[Data to process]

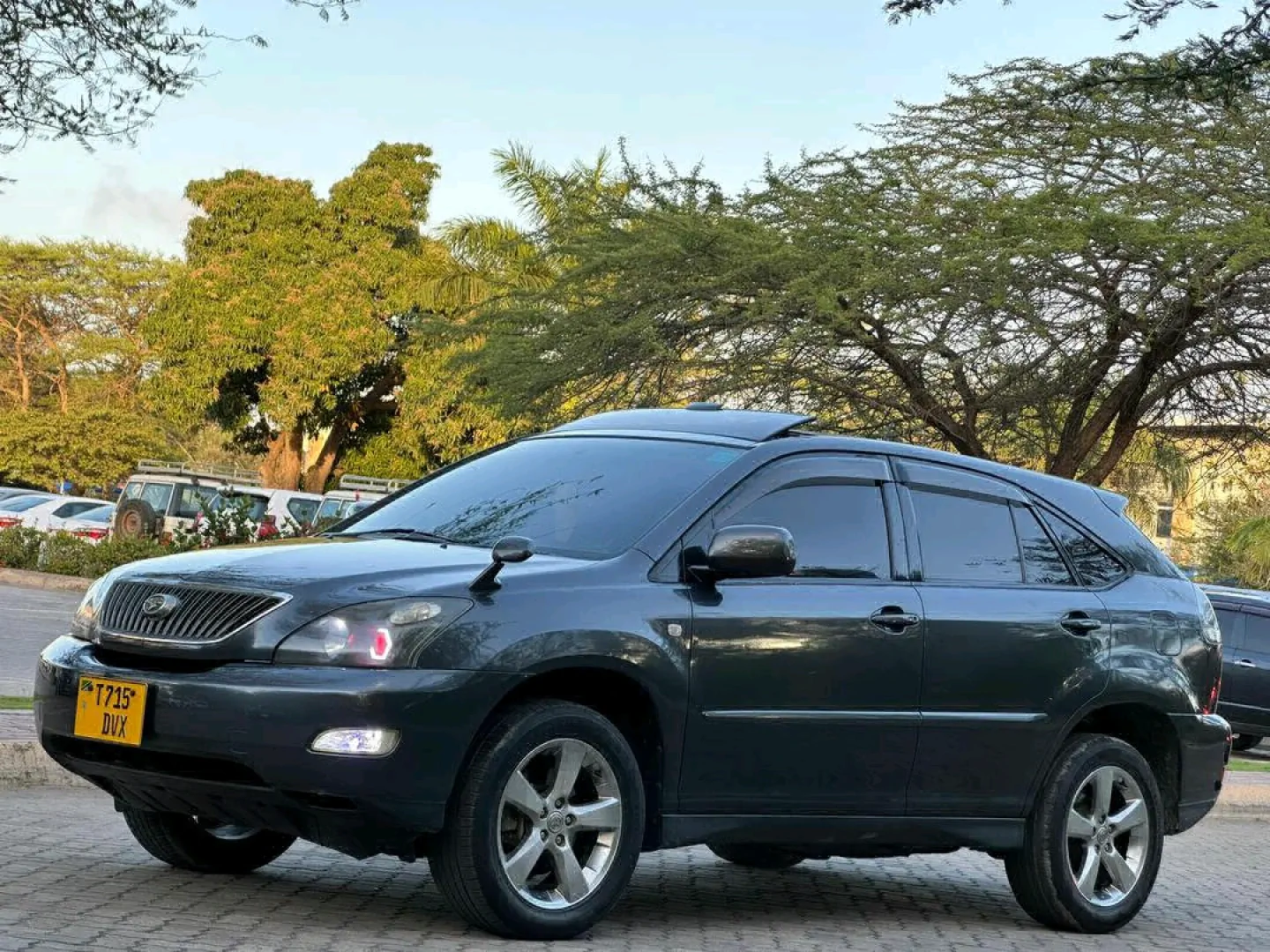 Toyota Harrier DVX 2005 for Sale thumbnail 2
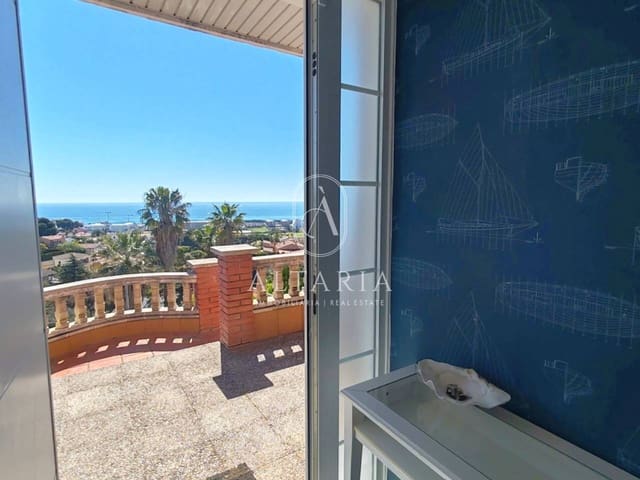 5 soveværelse Villa til salg i Santa Susanna med swimmingpool garage - € 454.000 (Ref: 9751502)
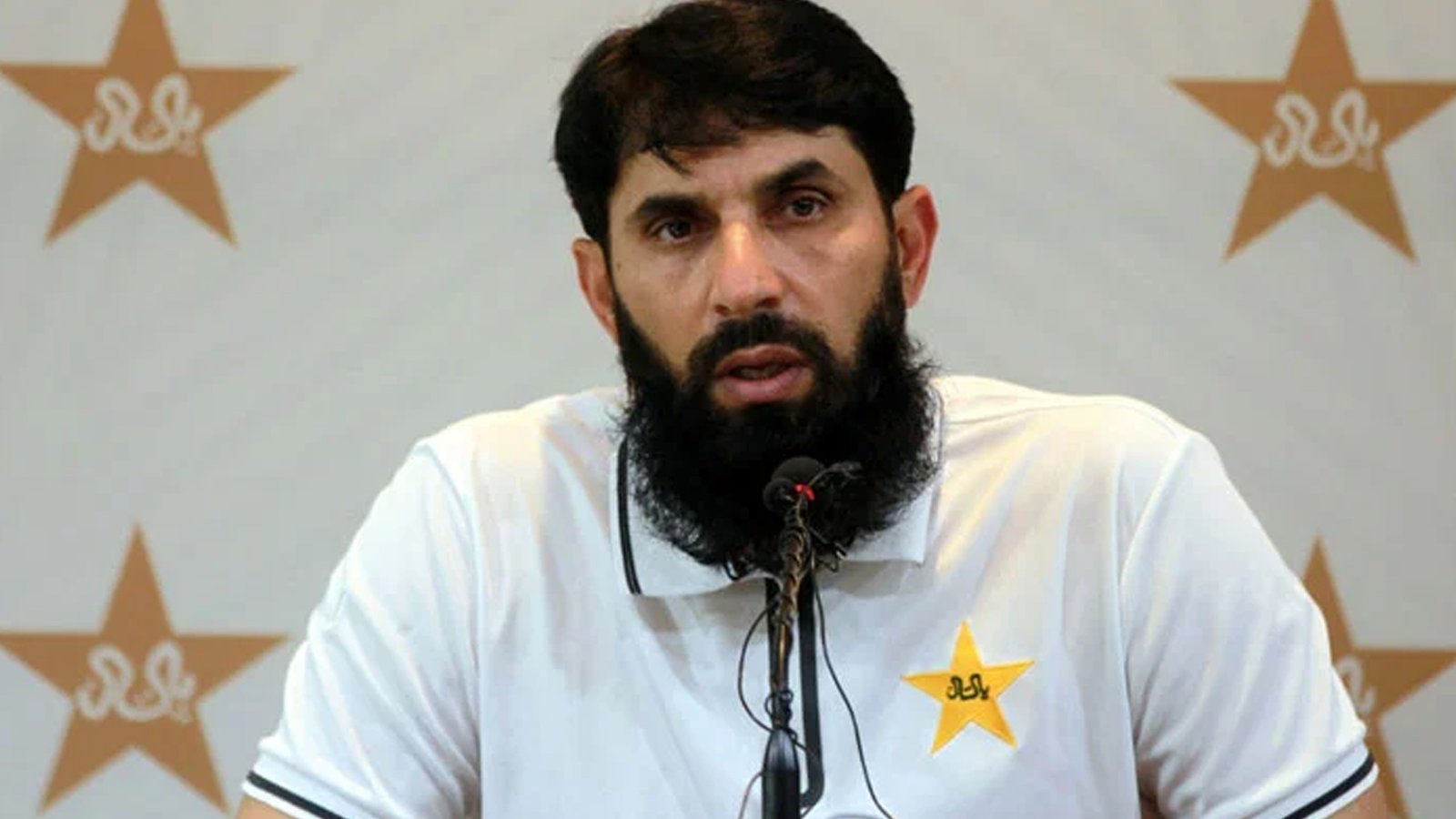 مصباح الحق نے قومی ٹیم کی کپتانی سے متعلق پی سی بی کے فیصلوں پر تنقید کردی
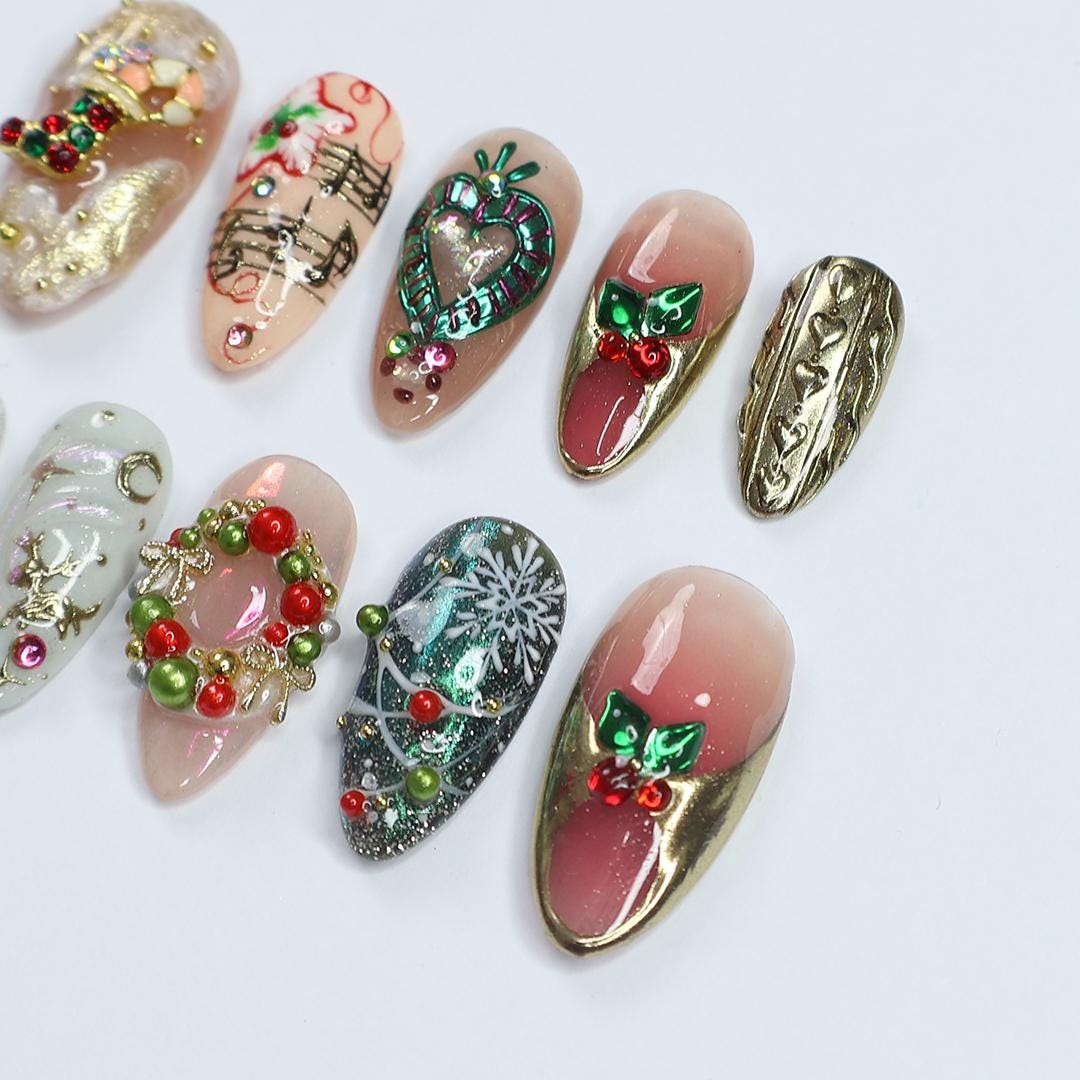 Festive Medium Almond Press-On Nails: Adorned with Laurel Wreaths, Music Notes, Socks & Hearts - Perfect Christmas Gift for Her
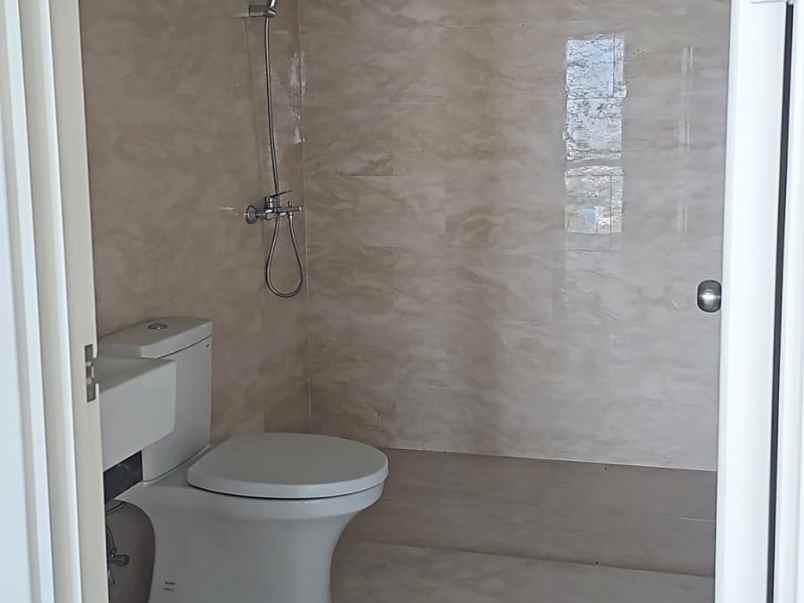 dijual apartemen jl putri hijau no 1 opq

[/Data to process]

*Task details*.
Without including any picture, repeat the data exactly.

*Answer to this problem*.
 Toyota Harrier DVX 2005 for Sale thumbnail 2
 5 soveværelse Villa til salg i Santa Susanna med swimmingpool garage - € 454.000 (Ref: 9751502)
 مصباح الحق نے قومی ٹیم کی کپتانی سے متعلق پی سی بی کے فیصلوں پر تنقید کردی
 Festive Medium Almond Press-On Nails: Adorned with Laurel Wreaths, Music Notes, Socks & Hearts - Perfect Christmas Gift for Her
 dijual apartemen jl putri hijau no 1 opq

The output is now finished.